» TASK DIRECTIONS
Images are to be left out; everything else in the listing should be repeated exactly.

» GIVEN MATERIAL
________

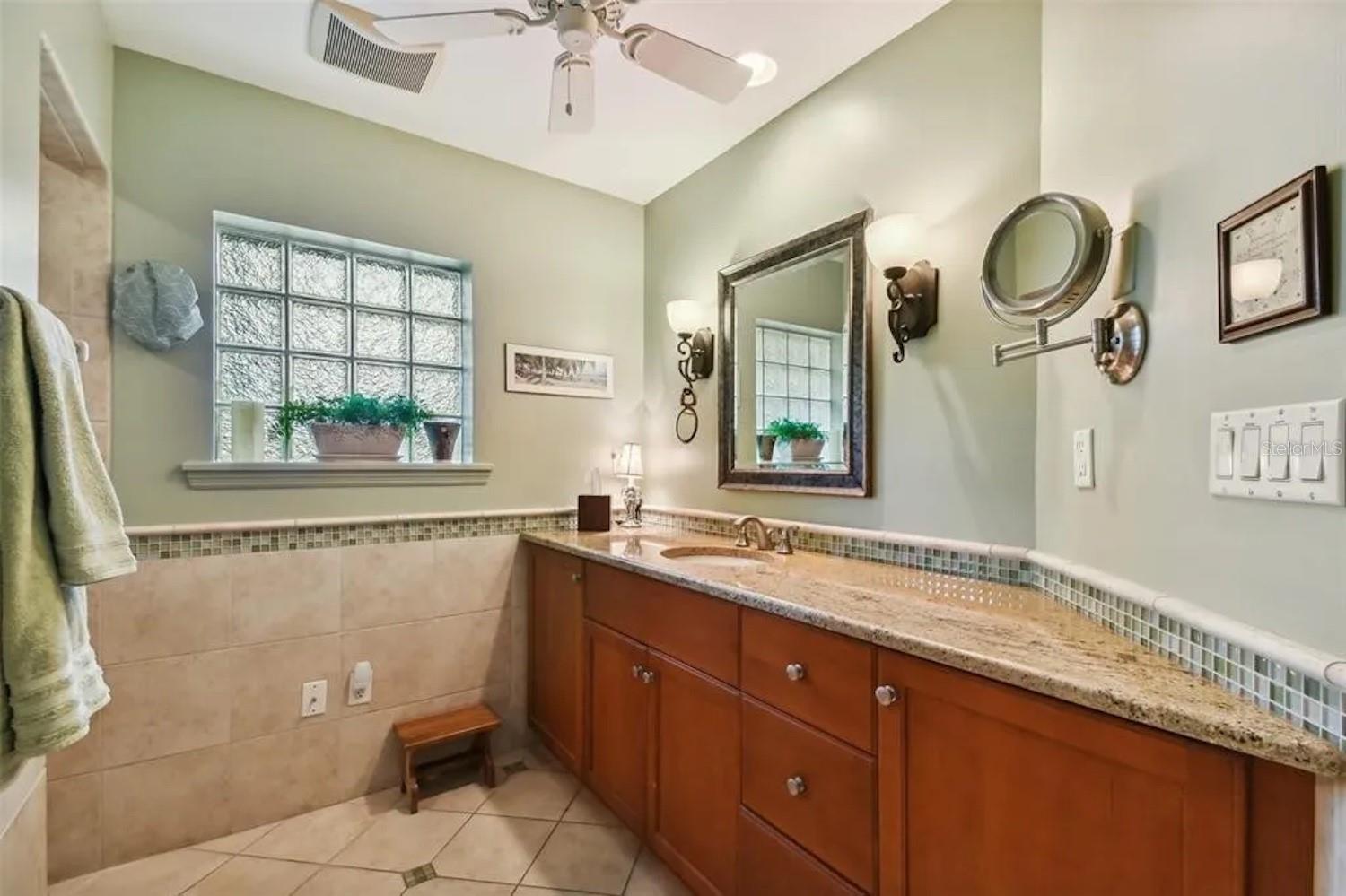 LELAND HEIGHTS - Residential Lease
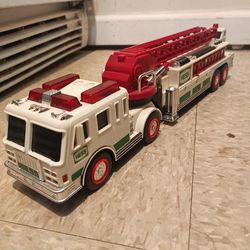 Hess Firefighter Truck 2000
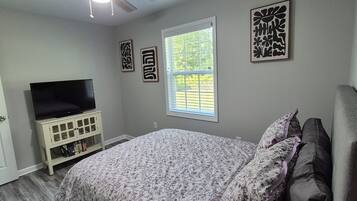 2 bedrooms, bed sheets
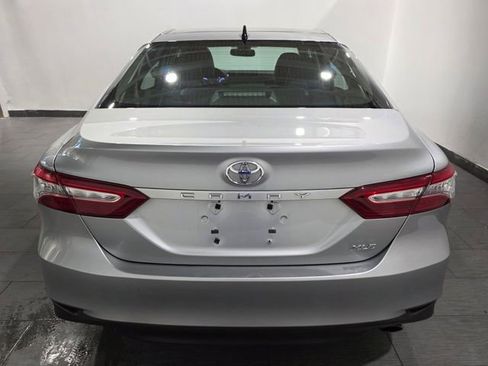 Used 2020 Toyota Camry XLE w/ Navigation Package FWD image 4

________

» WRITTEN RESPONSE
 LELAND HEIGHTS - Residential Lease
 Hess Firefighter Truck 2000
 2 bedrooms, bed sheets
 Used 2020 Toyota Camry XLE w/ Navigation Package FWD image 4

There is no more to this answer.